4. The only information I have about f(x) is given above. I was trying to introduce a new polynomial that did $\displaystyle f(x)-p(x)$ to try to get the rest of the right hand side. But I kept getting stuck because I don't know anything about f(x) or p(x). I knew I could say:

$\displaystyle f(x) = f(x_0) +f'(x_0)(x-x_0)+\frac{f''(x_0)}{2!} (x-x_0)^2+...$
$\displaystyle +\frac{f^{(n)}(x_0)}{n!} (x-x_0)^n+\frac{f^{(n+1)}(c)}{(n+1)!} (x-x_0)^{n+1}$

But all I know about p(x) is that $\displaystyle p(x_i)=f(x_i)$ so I thought if I subtracted the 2 in the new polynomial, I might get close because of this equality... but it doesn't end up giving me anything that looks like what I want to show because I don't know about the derivatives of p...

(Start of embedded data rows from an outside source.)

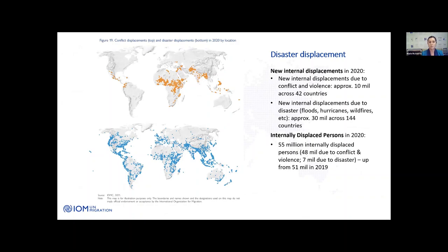Here's one figure from the current edition of the World Migration Report. We can see new internal displacements for 2020 highlighted on two maps: at the top, conflict and violence shown as orange dots, which is much more limited than the bottom map showing disaster displacement. Some 42 countries were affected in 2020 by internal displacement due to conflict and violence, compared to 144 countries around the world affected by climate-related displacement internally — including floods as we've seen in Pakistan this year, hurricanes, wildfires, and cyclones amongst many other disasters.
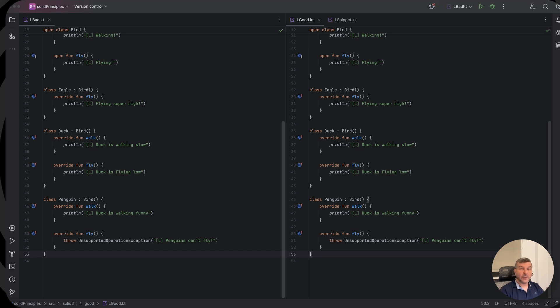Hi everybody! Welcome to the third principle of SOLID, which is no other than the Liskov Substitution Principle.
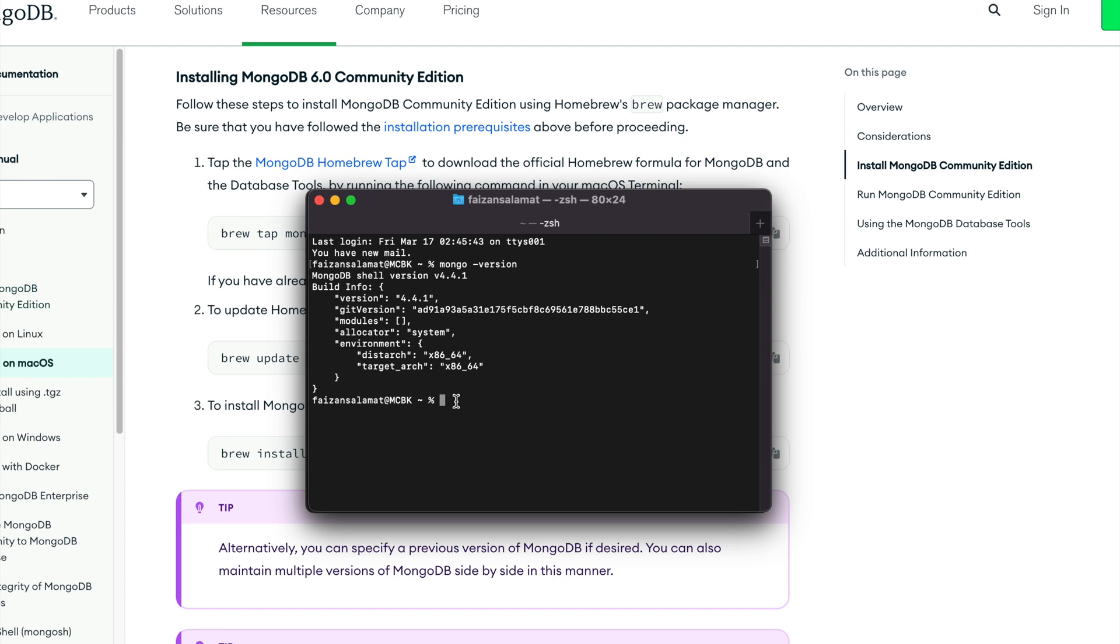So in this video, we've learned how to install Homebrew and then how to install MongoDB using Homebrew. In the next lecture, we'll write our first Mongo query. Stay tuned!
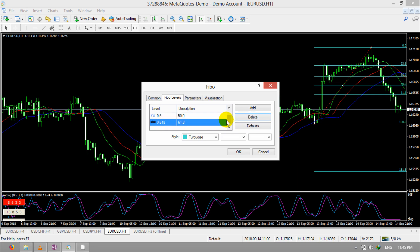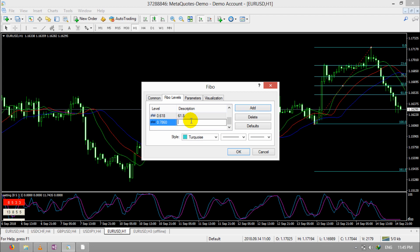Now I want to add a level — for example, 78.6%. Click on Add. In the first field, you should add a decimal number, like 0.786. In the second field, you should write the percentage: 78.6%.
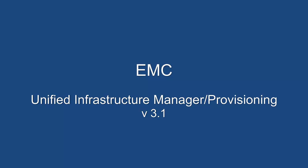This concludes our UIM 3.1 demo. If you would like to see a live demo, please reach out to your EMC team or VCE team and we'd be happy to help you out. Thank you.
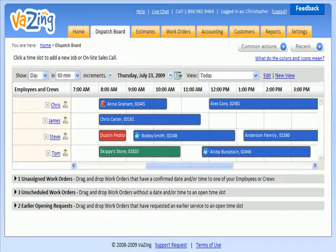You will have fast and instant access to employees, crews and their availability, job and customer information, and much more.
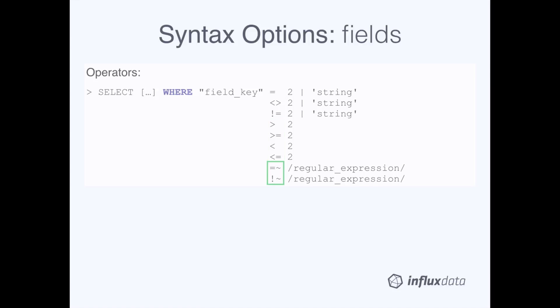The last set of operators on this screen are for regular expressions. The first one is matches against, and the second is does not match against.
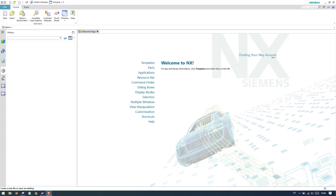Hello guys, welcome to Tech Design. I hope you are enjoying all my videos on the sheet metal workbench. The sheet metal tutorials are almost done. There are a few commands left that I'm going to cover very soon.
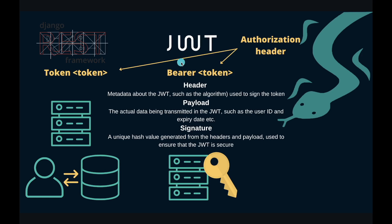On the other hand, with JSON Web Token Authentication, the server generates a token that contains all the information needed for authentication and signs it with a secret key which is known only by the server. To be more precise, it takes the header and the payload, combines them into a single string separated by a period, and then signs this combined string using the secret key and the chosen algorithm.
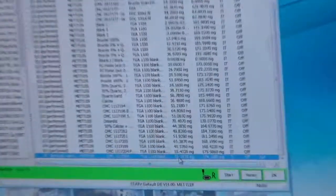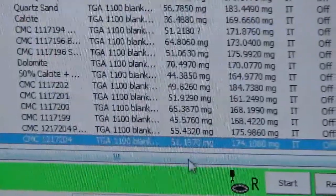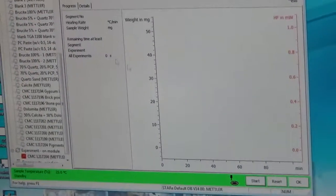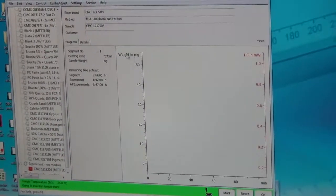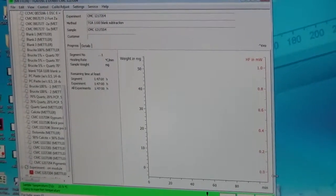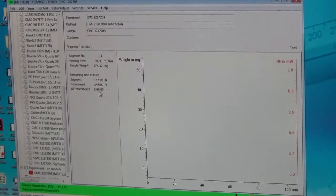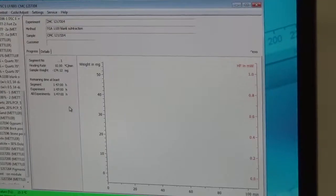Here is the sample weight — it calculated the sample weight. So now we just say start. Once we say start, the experiment screen opens. It shows the weight in milligrams versus minutes — how long it will run. It says it's going to run 1.47 hours, about an hour and a half to two hours per sample.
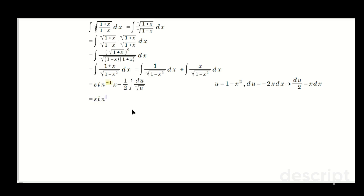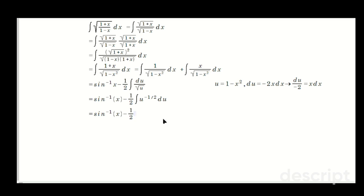So we have sine inverse of x minus 1 half times the antiderivative of u to the negative 1 half du. Integrating u to the negative 1 half gives us 2u to the positive 1 half, and the 1 half and 2 cancel, so we just end up with the root of u plus C.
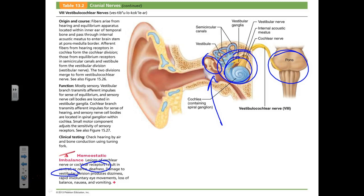Cochlear nerve damage can be treated with cochlear implants. Damage to the vestibular portion is a really lousy condition — the patient becomes nauseated, vomits, and experiences non-stop motion sickness. The person constantly feels physically out of balance, like constant seasickness even while sitting.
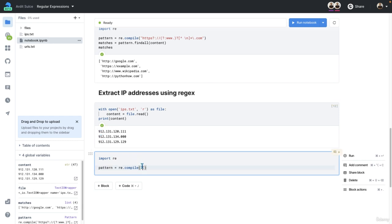That means you want to use square brackets and use a number range. So we have digits from zero to nine, and we want to match three times. So three digits.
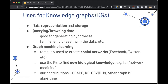So what can you use these for? If you go to the trouble of making a knowledge graph, it stores and represents your data in a really elegant way, and is a convenient way of querying and browsing data, good for generating hypotheses. One of our favorite use cases is graph machine learning. Graph ML on KGs was famously used to create social networks like Facebook and Twitter. You can also use KGs to generate new biological knowledge, what Barabasi termed network medicine. We have a graph ML package called GRAPE and made KG-COVID-19 to integrate COVID-19 data.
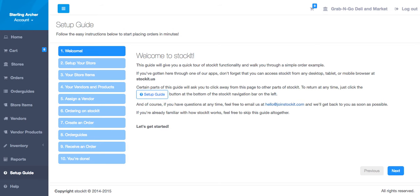When you log in for the first time, you will be given a guided tour of Stockit. Feel free to skip this in favor of these videos.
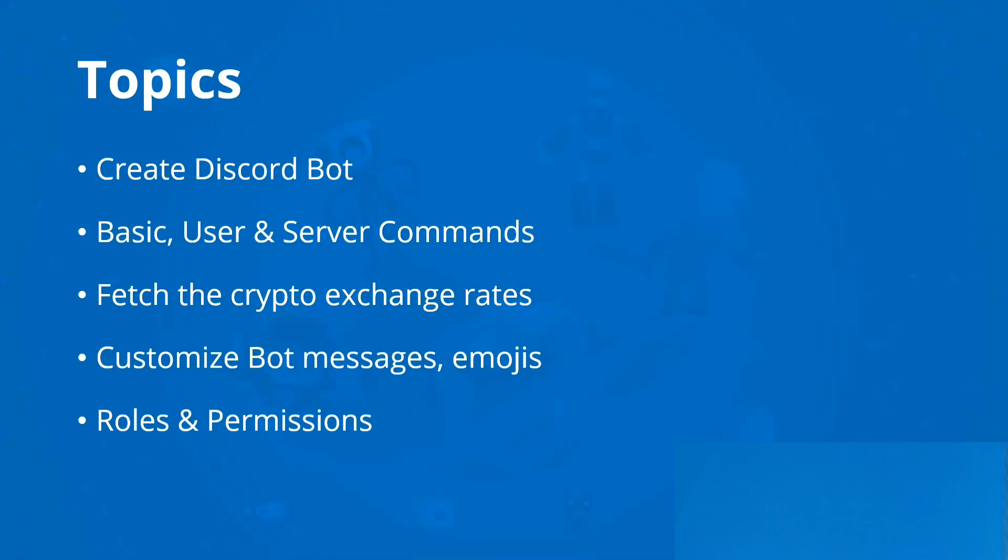These roles and permissions help us a lot. We define rules for our Discord bot application. If someone breaks those rules, we can kick or ban them. You can use these roles and permissions in many ways. Let's see that later.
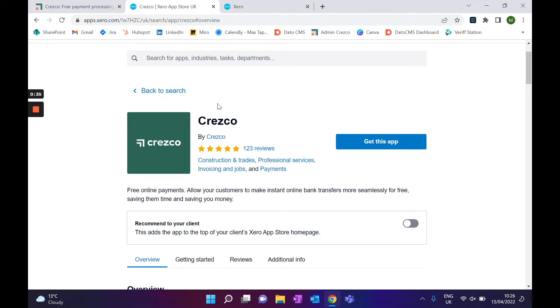Go to the app store, search for Cresco, and then click 'Get this app'. What this will do is basically link your Xero account to your Cresco account, so you don't actually have to remember any passwords — you can just use your Xero sign-in for the app as well.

5. I just realized theres a hint in the back of the book that says to do the following:

let x be fixed and distinct from $\displaystyle x_0, ..., x_n$ and consider function:

$\displaystyle g(y) = f(y)-p(y)-\frac{K}{(n+1)!}(y-x_0)(y-x_1)...(y-x_n)$

where we choose K so that $\displaystyle g(x) = 0$

then use Rolles thm to show $\displaystyle K = f^{(n+1)}(c)$ for $\displaystyle c \in (a, b)$

Rolles???? How does that relate at all? this confused me more than helped i think? any ideas?

6. Are you sure that's the right "hint"?

7. Oh , I missed a point , you said $\displaystyle c_x \in (a,b)$ , that means the choice of $\displaystyle c$ depends on $\displaystyle x$ , you are correct ! Use Taylor's Theorem to show that .

8. I see it now *hangs head in shame* so easy!!!! You don't even really need Taylor's theroem if you use that hint.